Later it rolled into The Boston Globe on the Hauser Fallout and Harvard opens the (exit) door a crack for Hauser.
How to Set the Bullshit Filter When the Bullshit is Thick More metamedia. Much attention paid this year to the question of how reliable scientific results are. This piece considers how science writers might adjust their approach to account for this kind of uncertainty. I rather like this post.
How I Wrote “The Orchid Children,” via Open Notebook. What it says.
November
The Bright Side of the “Depression-Risk Gene” “The reclamation of the ‘depression gene’ proceeds apace.

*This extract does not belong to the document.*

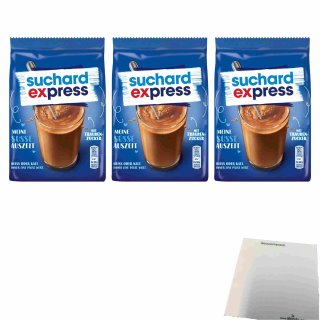 Suchard Kakao Express Nachfüllbeutel 3er Pack (3x500g Beutel) + usy Block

In Why Do Moms Kill Their Kids?, I considered an answer that Eric Michael Johnson, of Primate Diaries fame, offered to this uncomfortable question. The art alone — beautiful, horrifying — is worth the visit.
Optogenetics Relieves Depression in a Mouse Trial. In which blue light lifted the spirits of blue mice. This followed work I’d written up a few years back in A Depression Switch? – My New York Times Magazine feature on Helen Mayberg’s work.
December
If You’re Gonna Touch My Junk, At Least Grab the Data The TSA’s appalling lack of data-tracking on whether what they’re doing actually works.
Arsenic. In The Real Scoop on Aliens Oops Arsenic in Old Lakes and Is That Arsenic-Loving Bug — Formerly an Alien — a Dog?, I noted that the arsenic paper smelled funny, and I took particularly sharp exception to NASA’s handling of the affair in The Wrong Stuff: NASA Dismisses Arsenic Critique Because Critical Priest Not Standing on Altar. Finally, I noted some historical parallels in Arsenic and Primordial Ooze: A History Lesson.
AAnd that’s all, folks. Bonus for those who got this far: A repost of actor Brian Cox teaching Shakespeare to a two-year-old. This kills.